The humming got louder. His eyelids twitched. He started breathing faster.

 

"Planning a visit to your father's place?" I said, talking over it. "Last time you tried, the lady downstairs interrupted you. How many times have you gotten inside?"

 

His head snapped toward me. "I
am
going to bite off your nose. Eye for an eye— avenge what that other psychologist did— Lecter. No, he was a psychiatrist, that was a great movie. I watched it and ate fava beans for weeks afterward."

 

"Did you kill your father?" I said.

 

"Sure," he said. "Bit off
his
nose, too.

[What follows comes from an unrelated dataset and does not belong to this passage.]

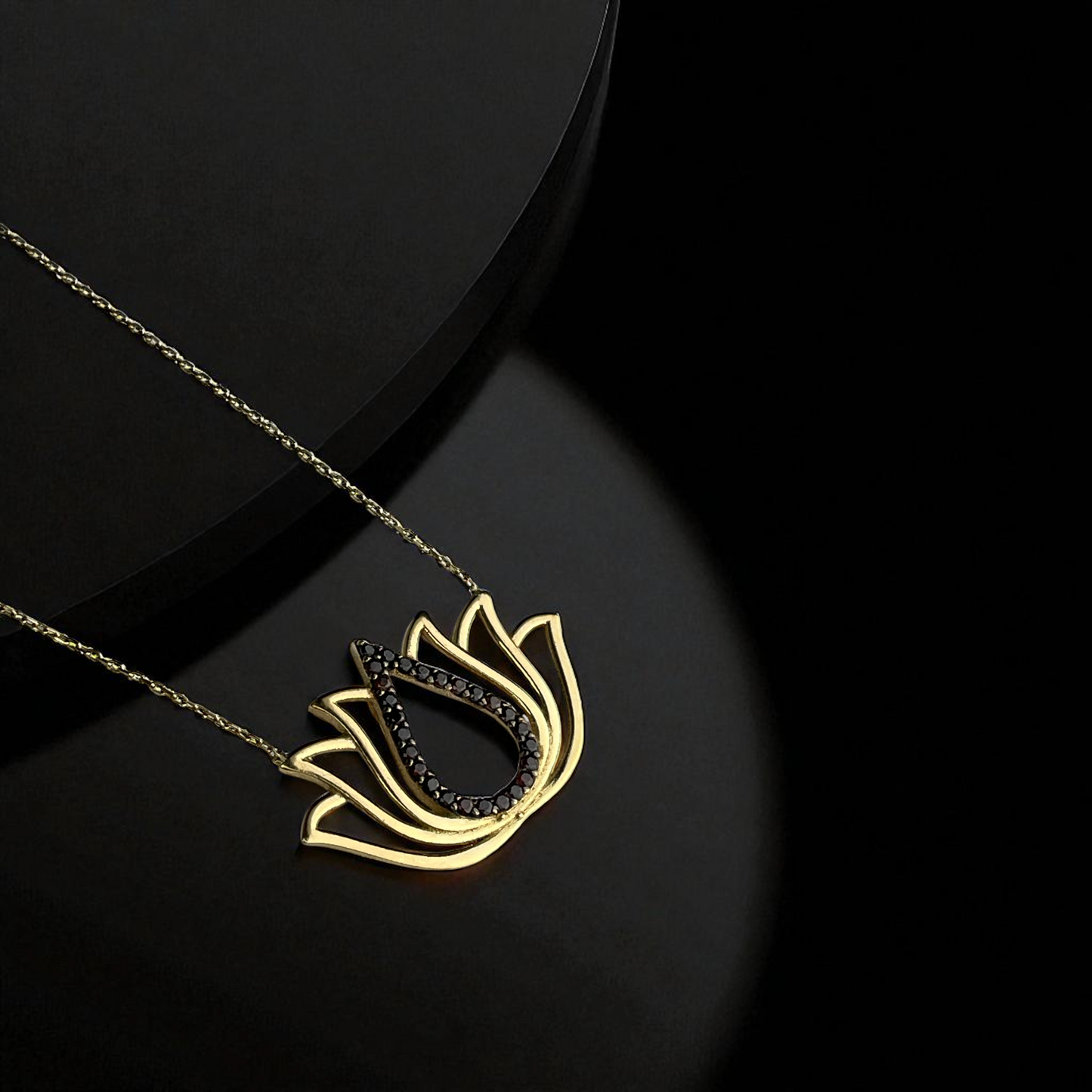14k Gold 585 Lotus Necklace with Black Zirconia – Spiritual Women's…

Had it with
pinto
beans and . . . some kind of wine . . . why am I thinking Chablis? Get me my fucking Tegretol."

 

"I'll see what I can do," I said.

 

"Don't lie to me, degree-boy."

 

"I'll do what I can."

 

"No, you won't."

 

I left him, returned to the station, paged the doc- tor who'd written the last note— early this morning. A woman named Greenbaum, first-year resident. Meaning she'd only been in training for a few months. She called back, saying she was at County General, wouldn't be rotating back in Hollywood until tomorrow. I told her why I was with Salcido and asked her about the medication.

 

"Yes," she said, "he claims he needs it to maintain 'internal stability.' He played that tune for me, too. I'm waiting to talk to the attending."

 

"He's self-medicating for assaultiveness and mood swings. If he's already on Tegretol, he's probably gone through lithium and the neuroleptics. Maybe in prison."

 

"Maybe, but I can't get anything out of him re- sembling a clinical history. Tegretol's okay, but there's the issue of side effects. I need blood levels on him."

 

"Did you have a chance to talk to him?"

 

"He didn't talk."

 

"He's a bit more verbal now," I said. "There's some IQ there. He knows how it feels before the assaultiveness comes on, is fighting to maintain control."

 

"So what're you saying?"

 

"I'm suggesting that at least in one respect he may know what's best for him."

 

"Did you see that skin of his?" she said.

 

"Hard to miss."

 

"Pretty disorganized for someone who knows what's best for him."

 

"True, but—"

 

"I get it," she said. "The police sent you to see him and you want him coherent so he'll talk to you."

 

"That's part of it. The other part is he's already been assaultive and if something works for him, maybe it should be considered. I'm not trying to tell you how to do your job—"

 

"No, actually you are." She laughed. "But sure, why not? Everyone else does. Okay, no sense having him freak out and me getting a three A.M. call. I'll try to get hold of the attending again. If she okays it, he gets dosed."

 

"He says he's been taking three hundred milligrams daily."

 

"He says? The lunatics run the asylum?"

 

"Look at Washington, D.C."

 

She laughed harder. "What do the police want with him?"

 

"Information."

 

"On what?"

 

"A homicide."

 

"Oh. Great. A murderer. Can't wait to see him again."